A few weeks ago, we asked some top teachers to tell you about the worst advice they’d overheard amateurs giving each other on the practice tee. Off of that, we asked three other top teachers to help fill your now-empty information bucket with good advice you can share with your friends (or, if necessary, use for yourself!).
Golf Digest 50 Best Teacher Bernie Najar is going to get your playing partner headed in the right direction on the putting green, and top Canadian teacher Shauheen Nakhjavani shares what your actual rap should be when you see a quick, short slash at the ball. Top Michigan teacher Ian Hughes finishes up the lesson with anti-slice advice that will actually work—instead of ‘Hey, just aim more left.’ ”
What You've Heard: "Make sure you get it there."
Say This Instead: Get better speed on your next important putt.
“Be sure to get it there . . . How many times have you played with a partner in a team event and heard those dreaded words?” asks Najar, who is based at Caves Valley Golf Club outside Baltimore. “I understand where that comes from—it’s code for ‘Don’t leave it short.’ But the problem is that advice usually causes a player to make a different read and take a different line than he or she would've otherwise picked—and they usually gun it by the hole.”

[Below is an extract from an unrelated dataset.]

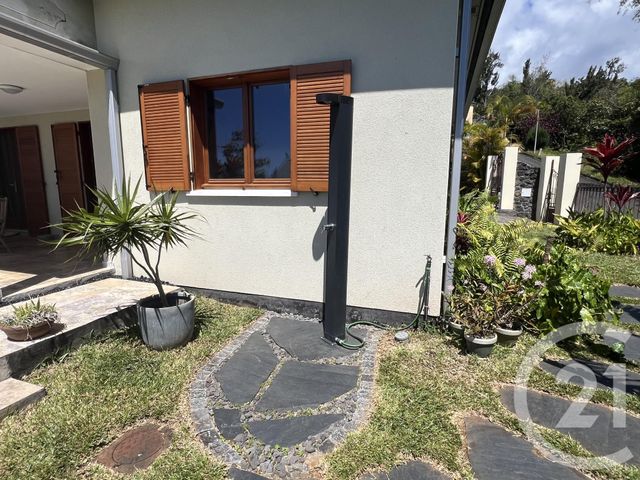 maison à vendre - 5 pièces - 184.0 m2 - ST DENIS - 974 - REUNION - Century 21 Lancastel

A much better strategy is to simply read the putt from a few feet farther away, then make your practice stroke related to that size of putt, not the distance you see.
“That way, you can go through your normal routine and just make a regular stroke, not one where you’re thinking about adding more when you get down to impact,” says Najar.
Bad Advice I've Heard: "Slow down your swing."
Say This Instead: Turn more to improve your sequencing.
In general, speed is a wonderful thing in golf. It makes the ball go farther, and it produces more backspin on middle and short iron shots. But if you’re trying to add speed at the wrong time, you’re mostly just creating wind.
“We’ve all seen friends with terrible tempo and sequence,” says Nakhjavani, who is based at Mystic Pines Golf Club in Montreal. “Their real swing is typically a shorter, faster and more hectic-looking version of their practice swing.”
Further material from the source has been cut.